(Warning: frivolous.)
It’s not obvious what properties of games determine whether they are easy or hard. Poker has imperfect information while Sokoban can have very long solutions; which is harder? Could the lack of communication between teammates in Bridge make the game more difficult?
This post explores the computational complexity of natural classes of games, e.g. short 2-player games with imperfect information or long 1-player games with perfect information.
Types of games
We say a game is “short” if you can describe all the events of a game, and implement the rules, in polynomial time. We say a game is “long” if it is allowed to be exponentially long, but individual states can be described and manipulated in polynomial time. We prohibit games that are longer than exponentially long.
Examples: Hex on an NxN board is “short,” because there can be at most N^2 moves.
Chess on an NxN board, with 2^N moves allowed before declaring a stalemate, is “long.”
We assume that each player either wins or loses, and that in 2-player games there is exactly one player who wins. For randomized games, we are interested in finding a strategy with an approximately optimal probability of winning—we care about the difference between winning 60% or 40% of the time, but not the difference between winning 50.00…001% and 49.99…99% of the time.
“Hidden info” means that a player might not know what has happened so far. “Forgetting” means that a player might not remember what they’ve done or seen in the past (equivalently: each “player” is really a team that can’t communicate). We assume “forgetting” implies “hidden info” implies “randomized.”
Example: Chess is deterministic. Snakes and ladders is randomized. Poker has hidden info. Bridge has forgetting.

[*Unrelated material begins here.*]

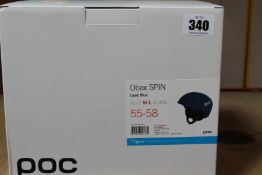 A boxed as new POC Obex Spin helmet in lead blue (Size medium/large).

Long imperfect information games are weird, because the optimal strategy will generally depend on the exponentially long history of everything you’ve seen so far. Depending on the formalization, such games can take doubly exponential time! I’m going to exclude them from the table for a technical reason—you can’t describe the state of such a game in polynomial space, so can’t even state the question “Can you win from this state?”

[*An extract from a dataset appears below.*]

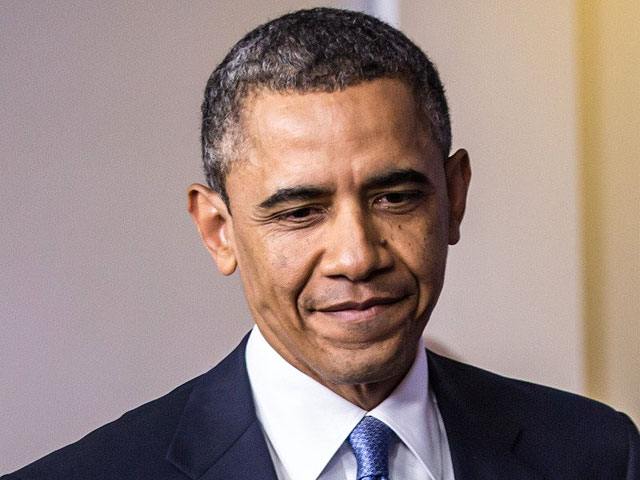Обама с Гавайев подписал закон, откладывающий "фискальный обрыв"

I’m skipping some details of the definition of “game,” but all the results are the same regardless of how you fill in those definitions.

The complexity of games
We’ll talk about the following four very simple complexity classes:
- NP: Problems whose solutions you can verify in polynomial time.
- PSPACE: Problems you can solve in polynomial memory.
(Fun fact: PSPACE=NPSPACE) - EXP: Problems you can solve in exponential time.
- NEXP: Problems whose solutions you can verify in exponential time.
For each type of game, it turns out that being able to compute an optimal move for arbitrary games of that type is exactly as hard as being able to solve arbitrary problems from the corresponding complexity class.
Here is the correspondence:
Game type | Complexity | Citation |
---|---|---|
1-player short deterministic | NP | |
1-player short randomized (or hidden info) | PSPACE[!] | IP=PSPACE |
1-player long deterministic | PSPACE | |
2-player short deterministic (or randomized) | PSPACE | |
1-player long randomized | EXP | Appendix |
2-player short hidden info | EXP[!] | Short games |
2-player long deterministic (or randomized) | EXP | Difficult games |
Anything with forgetting | NEXP[!] | MIP=NEXP |
The results marked with [!] are the most interesting. I wouldn’t have expected these types of games to be so hard.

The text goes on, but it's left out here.